Kein Wunder also, dass auch in Deutschland einige Kommunen, wie etwa Karlsruhe, dazu aufrufen, das Bürgerbegehren zu unterzeichnen. Und selbst das deutsche Umweltbundesamt warnt auf seiner Webseite vor einer Liberalisierung. Um Kostendeckung und das Für, vor allem jedoch das Wider, eines einheitlichen Wasserpreises wird in Luxemburg seit Jahren eine erhitzte Debatte geführt. Da die Wasserversorgung (noch) in öffentlicher Hand liegt, bestimmen die Gemeinden bis dato, wie teuer ihr Wasser ist. Das führte freilich dazu, dass es keinerlei einheitliche Preisstruktur gab, sondern so viele Preisniveaus wie Gemeinden.

Nicht zuletzt scheiterte der Einheitswasserpreis immer an den realen Gegebenheiten. Allein 80% der entstehenden Kosten für Wasser werden durch Infrastrukturausgaben, etwa die Instandhaltung der Leitungen, verursacht; in manchen Gemeinden sind 50% der Abwasserleitungen sanierungsbedürftig. Der Teilbereich der Entsorgung des Wassers wurde in den letzten Jahren stark vernachlässigt.

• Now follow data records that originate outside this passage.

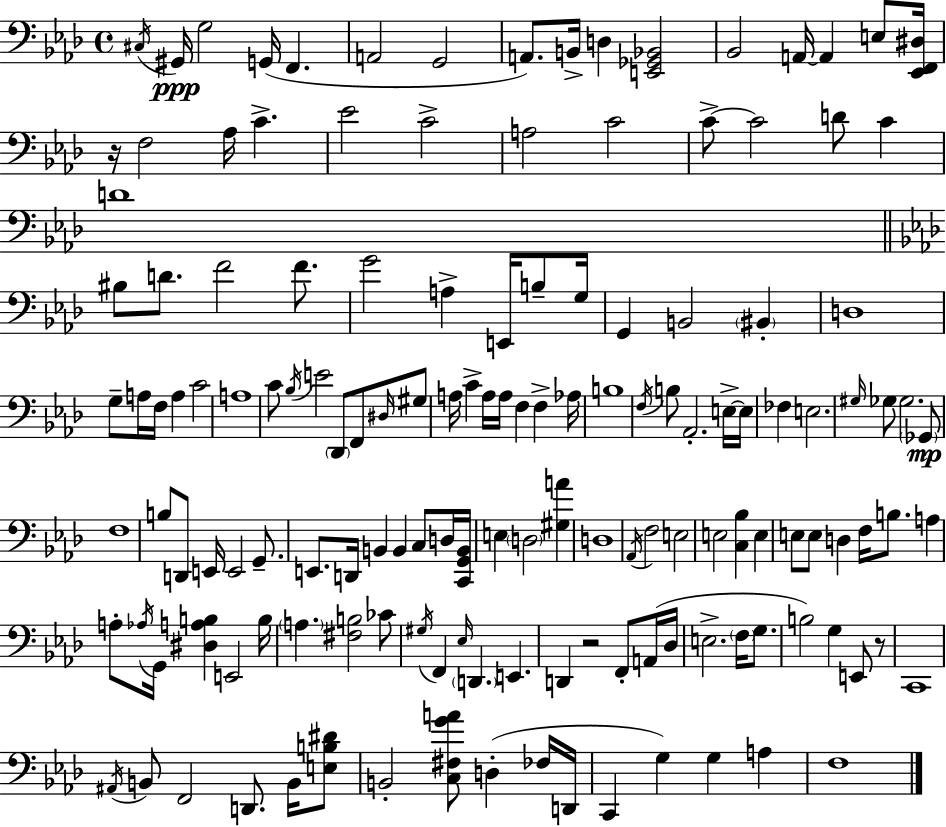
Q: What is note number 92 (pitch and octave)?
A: E3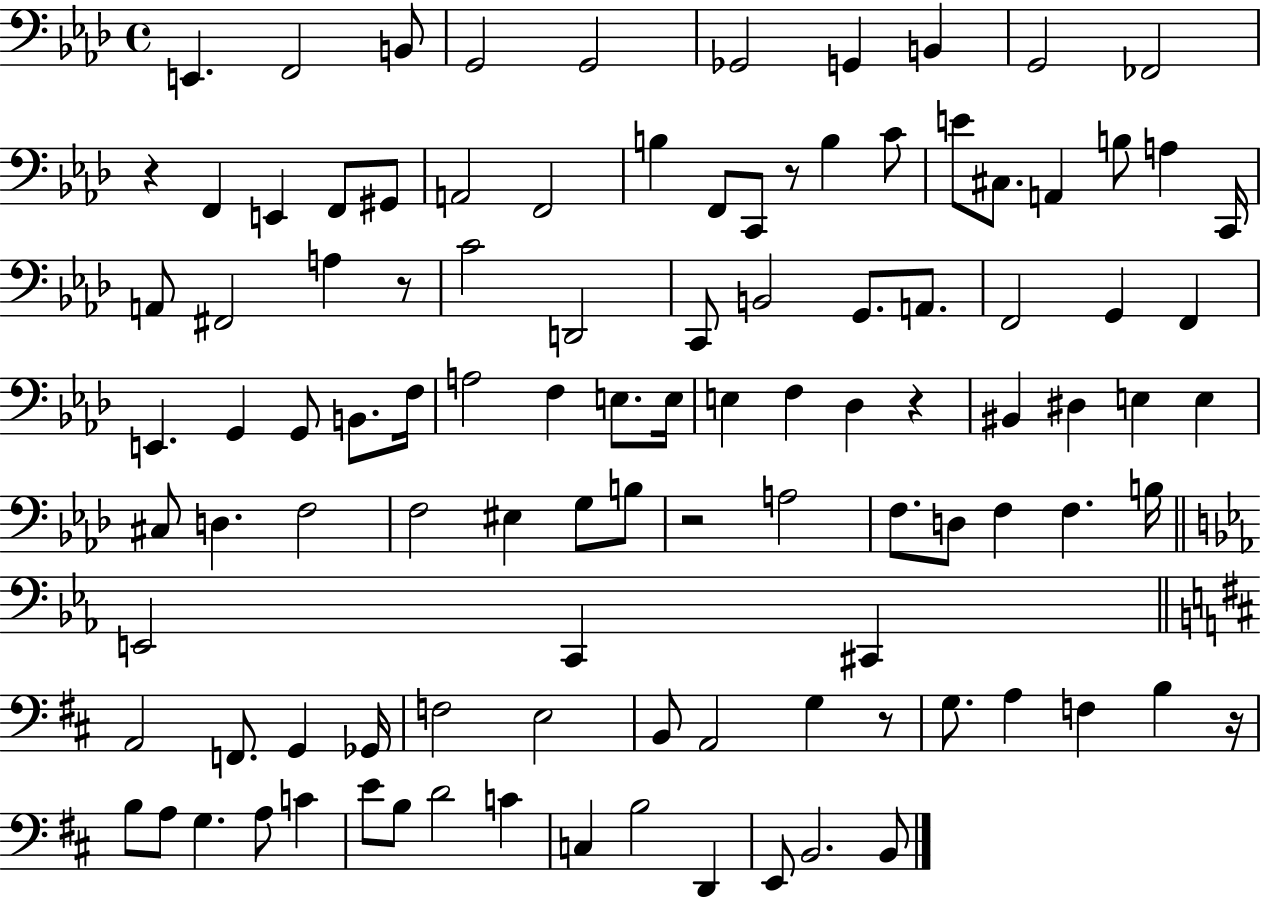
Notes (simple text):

E2/q. F2/h B2/e G2/h G2/h Gb2/h G2/q B2/q G2/h FES2/h R/q F2/q E2/q F2/e G#2/e A2/h F2/h B3/q F2/e C2/e R/e B3/q C4/e E4/e C#3/e. A2/q B3/e A3/q C2/s A2/e F#2/h A3/q R/e C4/h D2/h C2/e B2/h G2/e. A2/e. F2/h G2/q F2/q E2/q. G2/q G2/e B2/e. F3/s A3/h F3/q E3/e. E3/s E3/q F3/q Db3/q R/q BIS2/q D#3/q E3/q E3/q C#3/e D3/q. F3/h F3/h EIS3/q G3/e B3/e R/h A3/h F3/e. D3/e F3/q F3/q. B3/s E2/h C2/q C#2/q A2/h F2/e. G2/q Gb2/s F3/h E3/h B2/e A2/h G3/q R/e G3/e. A3/q F3/q B3/q R/s B3/e A3/e G3/q. A3/e C4/q E4/e B3/e D4/h C4/q C3/q B3/h D2/q E2/e B2/h. B2/e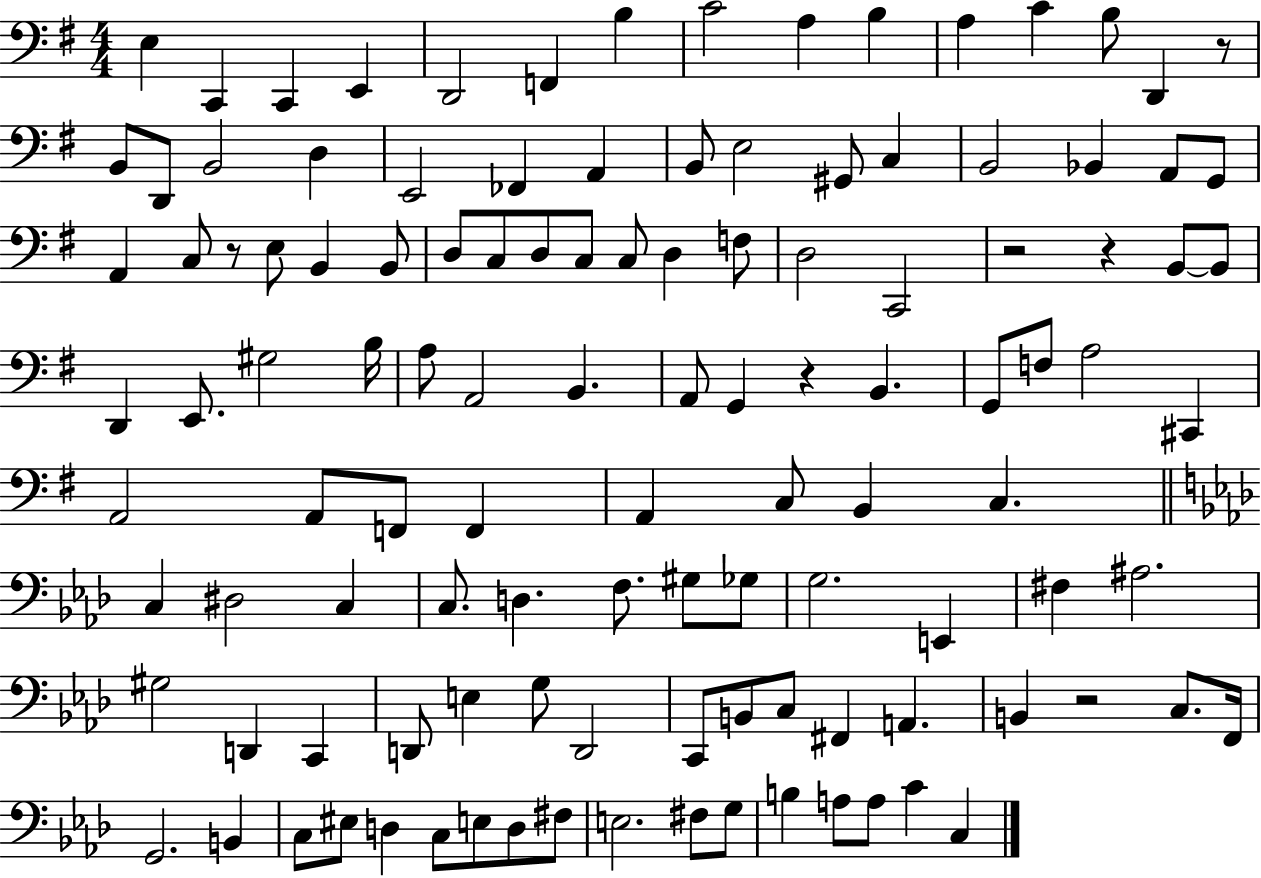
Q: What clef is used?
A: bass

Beispielsweise an der Mosel, wo viele Winzer lange Zeit ihr Abwasser schlicht in den Fluss leiteten. Für die meisten Bürger brächte der Einheitspreis außerdem eine Verteuerung. So stellt sich immer wieder die Frage nach dem Stellenwert der Wasserversorgung. Betrachtet man sie als elementaren Teil der Daseinsvorsorge wie etwa das Schulsystem? Oder ist sie eine Dienstleitung und Wasser damit eine Ware?

Außerdem beinhaltet die EU-Wasserrahmenrichtlinie, die für Trink- und Abwasserversorgung Kostendeckung vorsieht und nahezu alle Leistungen für Versorgungen der Wasserkunden zusammenfasst, 70% Fixkosten – Kosten, die einige Gemeinden jahrzehntelang vernachlässigt haben. Sollen die reicheren Gemeinden für die ärmeren bezahlen? Sieht so Solidarität aus? Umstritten ist die Kostendeckung auch aus Gewerkschaftssicht, wo sie gewissermaßen als Vorstufe zur Privatisierung angesehen wird.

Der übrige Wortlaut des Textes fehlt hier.